总体上看,目前亚太地区安全环境中,和平的因素是主流,这使我们可以继续以经济建设为中心,抓住时机,加快建设,增强综合国力,努力提高中国在亚太安全事务中的发言权,增强中国与亚太国家之间的相互信任,减少因相互猜疑而导致的小规模地区冲突,减少大国间关系的不确定性,力争防止大规模国际战争发生。但是,同时还必须看到我国周边环境险恶的一面:台独势力的分裂活动加剧;印巴核军备竞赛和克什米尔争端升级;南海诸岛的争端不已;东南亚“金三角”毒品走私猖獗;朝鲜半岛南北双方危险的军事对峙与核扩散的危险;中日钓鱼岛领土争端;等等,尤其是美日以中国为潜在敌人的军事联盟和安全战略,都对我国安全环境形成巨大压力,这就要求我们在立足发展的同时,必须绸缪和平。(参见孟祥青、宋平:《世界形势深刻变化对国际军事安全的影响》,载《当代世界》,1998(6)。)

首先,处理好大国关系。中国安全环境的好坏,在很大程度上取决于中国与周边国家特别是军事大国的安全利益关系。冷战后亚太地区基本形成了中俄美日东盟五大战略力量,四国五方形成了相互借重、相互制约的关系和以中俄、美日、东盟为主要力量的地缘安全战略态势。中、俄、美、日之间合作与竞争、矛盾与协调、接触与遏制的国际关系基本决定了整个地区安全发展的框架、水平和走向。而中美关系又是亚太地区和平稳定的核心。目前中国在亚太地区的安全问题主要取决于与美国的关系。美国是亚太地区安全的重要主导力量,一方面,美国在该地区朝鲜半岛问题、防止核扩散、环境保护、打击毒品走私等方面需要同中国合作,与中国的安全利益有相重相近的部分;另一方面美国从其维持霸权的全球战略出发,又通过《与台湾关系法》、对台军售、《日美安全保障条约》来防范中国,遏制中国的强大,成为中国寻求安全利益的最大制约力量。中国处理对美关系和在亚太地区处理大国关系的基本原则是以和平共处五项原则为基础,在维护国家利益、主权独立、领土完整问题上绝不让步,坚决反对强权政治和霸权主义;同时注意方式和手段的灵活,增加信任,减少麻烦,发展合作,不搞对抗,推动两国关系朝着健康轨道发展。

第二,提出新安全观,搞好与周边国家关系。安全利益的多样化和安全保障的多元化是现今国际安全问题的基本现实。基于这一事实,新的安全观念是各国处理安全问题不可回避的重要选择。
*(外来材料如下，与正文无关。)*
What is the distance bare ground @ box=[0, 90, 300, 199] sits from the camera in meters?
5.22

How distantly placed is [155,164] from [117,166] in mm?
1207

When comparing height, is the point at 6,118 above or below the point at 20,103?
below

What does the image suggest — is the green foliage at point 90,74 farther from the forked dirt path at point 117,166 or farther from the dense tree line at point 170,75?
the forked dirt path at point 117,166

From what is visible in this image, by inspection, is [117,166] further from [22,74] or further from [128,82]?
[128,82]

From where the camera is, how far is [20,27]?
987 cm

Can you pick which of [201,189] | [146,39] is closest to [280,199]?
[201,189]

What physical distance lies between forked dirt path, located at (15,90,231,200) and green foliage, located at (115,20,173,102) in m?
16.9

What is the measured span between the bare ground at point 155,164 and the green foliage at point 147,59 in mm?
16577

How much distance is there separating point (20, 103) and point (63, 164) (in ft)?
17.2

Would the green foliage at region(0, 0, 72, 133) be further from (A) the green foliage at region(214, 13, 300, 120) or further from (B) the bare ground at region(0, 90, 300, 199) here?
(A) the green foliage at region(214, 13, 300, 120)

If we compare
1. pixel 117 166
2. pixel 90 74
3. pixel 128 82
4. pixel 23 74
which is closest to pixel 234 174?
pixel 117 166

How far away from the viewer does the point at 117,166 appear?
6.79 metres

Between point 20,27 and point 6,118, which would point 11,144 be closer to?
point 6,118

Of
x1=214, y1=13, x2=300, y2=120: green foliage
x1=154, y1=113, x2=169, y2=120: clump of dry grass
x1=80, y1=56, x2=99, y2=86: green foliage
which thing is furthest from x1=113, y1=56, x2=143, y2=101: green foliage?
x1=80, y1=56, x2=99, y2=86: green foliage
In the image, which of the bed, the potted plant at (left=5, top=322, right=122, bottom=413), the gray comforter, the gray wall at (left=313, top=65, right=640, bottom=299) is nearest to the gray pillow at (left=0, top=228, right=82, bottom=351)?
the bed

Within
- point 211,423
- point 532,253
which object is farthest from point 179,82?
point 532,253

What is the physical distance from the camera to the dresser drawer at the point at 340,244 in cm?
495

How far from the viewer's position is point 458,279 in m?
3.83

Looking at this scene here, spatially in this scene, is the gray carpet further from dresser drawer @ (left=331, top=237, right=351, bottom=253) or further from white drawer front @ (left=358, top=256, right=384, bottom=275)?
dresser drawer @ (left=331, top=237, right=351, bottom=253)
针对亚太地区出现的新的危险动向,国务院副总理钱其琛指出,“在新的国际形势下,应当有新的安全观。安全不能依靠增加军备,也不能依靠军事同盟。安全应当依靠相互信任和共同利益的联系”。新安全观是中国新一代领导人根据冷战后世界经济政治形势的变化于1997年正式提出的新的安全理念。它与冷战时期形成的以意识形态划分敌友和以零和关系分析国际安全的观念不同,认为国际安全的基础是共同的安全利益、相互信任和经济发展。新安全观认为,要从根本上解决亚太地区安全问题,不能依靠加强军事同盟,更不能依靠武力和军事强权。只有在双边以及多边的层次上不断推进平等对话,以和平协商的方式消除紧张局势,促进整个地区的共同繁荣和稳定,才是解决该地区安全问题的基本方法。冷战后,中国政府积极支持建立地区安全机制,主张以对话协商促进相互了解和信任,通过双边、多边协调合作寻求和平与安全。在1994年的“东盟地区论坛”首届会议上,中国提出以“建立友好关系,和平解决纠纷,不搞军备竞赛和核扩散,促进安全对话,增进相互信任”为核心的关于地区安全合作的五点原则与措施。1997年,在第四届东盟地区论坛会议上,中国建议培养一种适合本地区多样性特点的新型地区安全观,强调地区安全合作应加强四个方面:平等、友好和稳定的政治关系,经济合作与交流的经济基础,和平解决争端的方法,对话与磋商的机制。

第三,继续奉行不结盟政策,做负责任大国。中国对维护亚太地区安全的作用日益增长,中国的独立自主和平外交与不结盟政策本身即是对亚太地区安全稳定的积极贡献。中国在东亚金融危机中采取的积极政策表明,一个稳定、强大并富于责任感的中国是亚太地区稳定和发展的重要基石;中国在南亚核军备竞赛爆发后所发挥的建设性作用,在和平解决柬埔寨问题和稳定朝鲜半岛局势中的重要作用,显示了中国在亚太地区的重要战略地位。 中国以维护世界和平与地区和平为神圣职责 ,1992年中国加入《不扩散核武器条约》、参加了《禁止化学武器公约》。1993年中国正式承诺向国际原子能机构通报核材料的进出口、核设备及有关部门非核材料的出口情况。1996年中国批准了《核安全公约》,发表了暂停核试验的声明,同年中国参加了《全面禁止核试验条约》。这些举动有助于中国赢得亚太地区国家的信任,有利于增强中国在亚太地区的地位。

第四,加强国防建设。虽然国际形势总体趋于缓和,但当前亚太地区安全环境的复杂与多变使我们必须保持警惕。中国在优先发展经济、裁减军备的同时,必须保持一定的军事实力,并使之不断增强。在服从国家经济建设需要的前提下,国防建设要做到平战结合,开支适度,走精兵之路,科技建军,实行积极防御战略,发展高新武器,提高军队进行高技术局部战争的能力。要坚决反对向台湾地区进行武器扩散,不承诺放弃武力实现民族统一的权力,为维护国家统一、反对民族分裂主义、反对外部势力干涉做好意外军事冲突发生的准备。